The sale -- and embarrassing repurchase -- were cited yesterday by a special investigative panel of the President's Foreign Intelligence Advisory Board as one of several examples of "substantial problems in management" that the panel said have undermined security at the Energy Department and its nuclear weapons laboratories.
Citing layers of bureaucracy, other management failures and 20 years of lax security caused by blurred accountability, the panel recommended to President Clinton a reorganization to give more autonomy or even independence to the nation's nuclear weapons complex, which is managed by the Energy Department.
Key members of the House and Senate who have been pushing for a more independent Nuclear Security Administration inside the Energy Department voiced support yesterday for the panel's recommendation. Rep. William M. "Mac" Thornberry (R-Tex.), whose district contains the Pantex plant that produces and dismantles nuclear weapons, called the panel's proposal "a ringing endorsement" of what he is trying to do.
"This report confirms . . . that the management problems at [the Energy Department] are long-standing and systemic and go to the very heart of the way the department is managed, structured and organized," he said.
The investigative panel's chairman, former senator Warren Rudman (R-N.H.), took issue with Energy Secretary Bill Richardson's continued opposition to the proposal and his insistence that the public can be assured that nuclear secrets are now more secure.

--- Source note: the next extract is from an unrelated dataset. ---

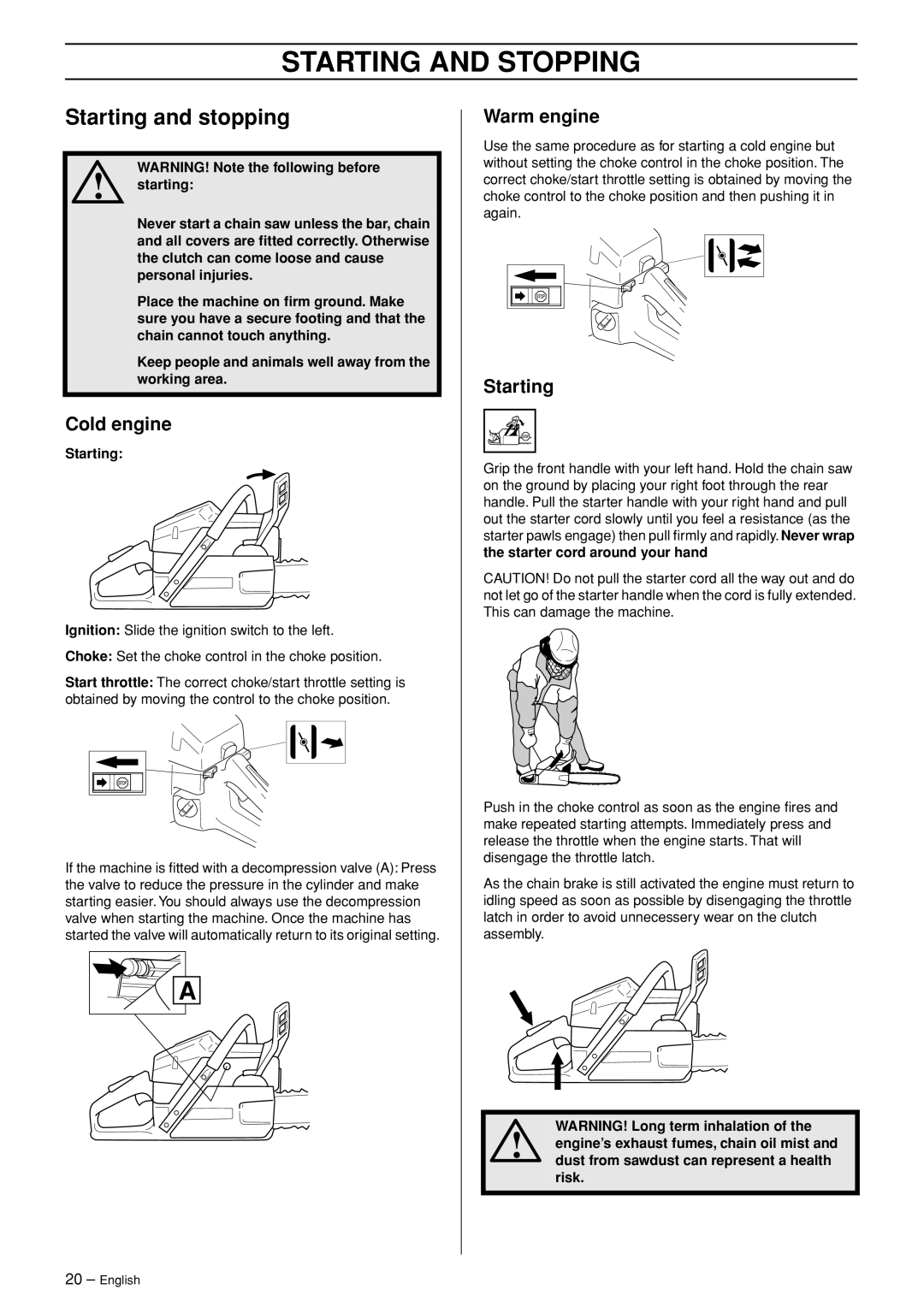 Husqvarna 365 EPA I, 372XP EPA II manual Starting and Stopping, Starting and stopping, Cold engine, Warm engine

Although the energy secretary told a television interviewer that he "can't guarantee that espionage will not occur," he did guarantee "we've put in place the toughest measures to prevent it."
Rudman, who served on the Senate Intelligence and Armed Services committees, called Richardson "either naive or ill-informed" about counterintelligence matters.
Although Rudman's panel voiced doubts about the extent and impact of alleged Chinese espionage, it found weaknesses in physical and personnel security that had been sharply and repeatedly criticized in the past but never reformed by a bureaucracy at the department that showed little concern toward security matters. For example, the panel noted that although Richardson put an emphasis on computer security, "the stark fact remains that as of the date of this report a nefarious employee can still download secret nuclear weapons information to a tape, put it in his or her pocket, and walk out the door."
An Energy Department official pointed out that transferring secret information to a disk or tape "is universal and not peculiar to Energy." He said his department, as "a stopgap measure," is removing floppy-disk capability from classified computers and will switch in a year to a newer, disk-less system in which all information transfers will be done remotely in a vault not accessible to individuals.
"I am not aware of any other agency moving as aggressively in this area," the official said, adding, "They know we are under the gun and will be following us."
The Rudman panel also said that other counterintelligence tools developed to fight spies in the 1970s may not be adequate now. It specifically cited the Foreign Intelligence Surveillance Act of 1978, which set the standards for court-approved wiretaps, bugs and break-ins in foreign intelligence cases.
"It may no longer be adequate to address the counterintelligence threats of the new millennium," the panel said, recommending that the National Security Council tend to the matter.